[[ Dataset content, beginning ]]

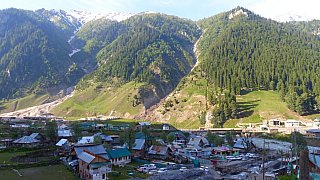 Au&szlig;erhalb von Sonamarg - Jammu & Kashmir: Landschaft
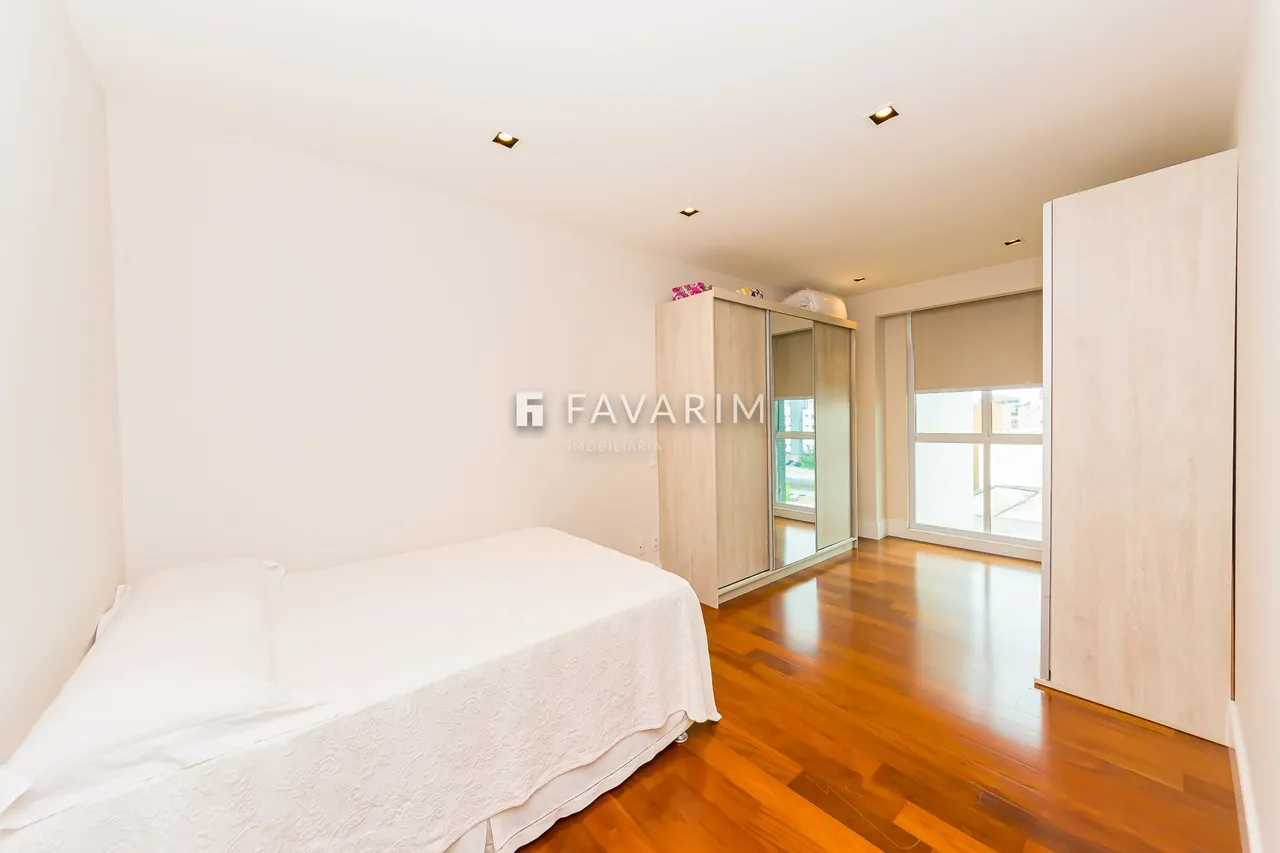 Furnished duplex apartment with an enclosed balcony — photo 6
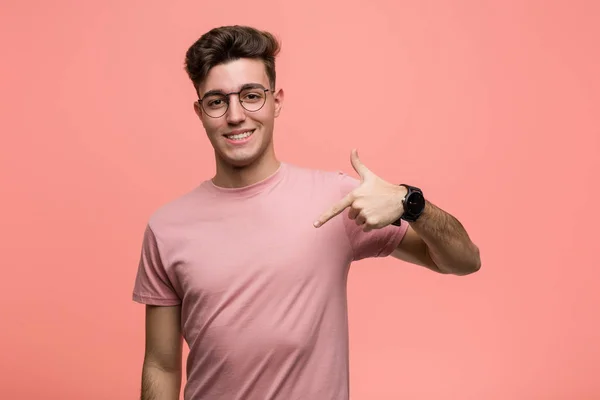 Joven Hombre Caucásico Fresco Persona Señalando Mano Espacio Copia Camisa — Foto de Stock
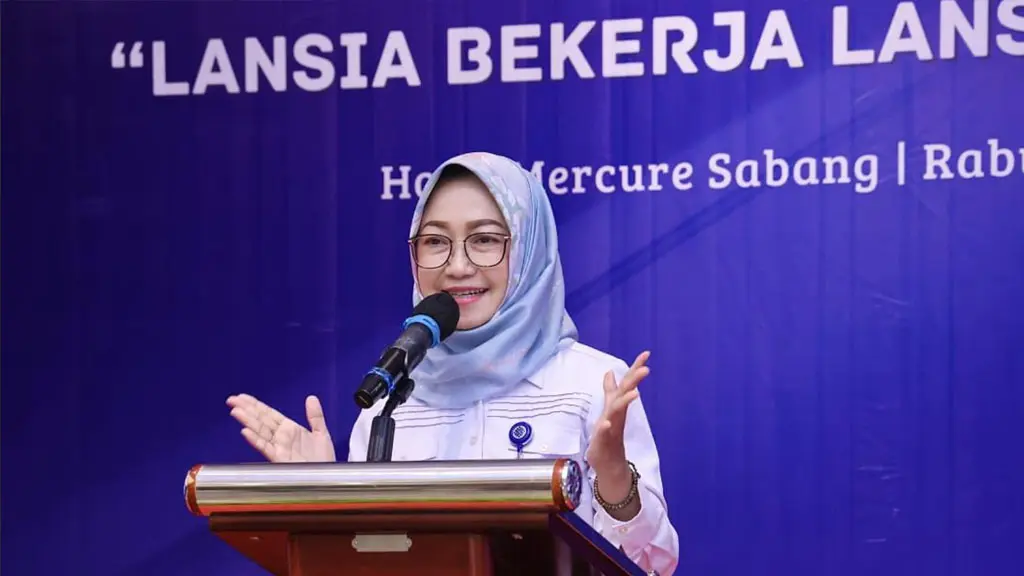 Plt. Dirjen Binapenta dan PKK Kemnaker, Estiarty Haryani pada Workshop "Inklusi untuk Semua: Lansia Bekerja, Lansia Sejahtera" di Jakarta, Rabu (15/4/2026). (©Humas Kemnaker)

[[ Dataset content, end ]]

= What this task involves =
Exclude the images, then output the data above word for word.

= Exercise result =
 Au&szlig;erhalb von Sonamarg - Jammu & Kashmir: Landschaft
 Furnished duplex apartment with an enclosed balcony — photo 6
 Joven Hombre Caucásico Fresco Persona Señalando Mano Espacio Copia Camisa — Foto de Stock
 Plt. Dirjen Binapenta dan PKK Kemnaker, Estiarty Haryani pada Workshop "Inklusi untuk Semua: Lansia Bekerja, Lansia Sejahtera" di Jakarta, Rabu (15/4/2026). (©Humas Kemnaker)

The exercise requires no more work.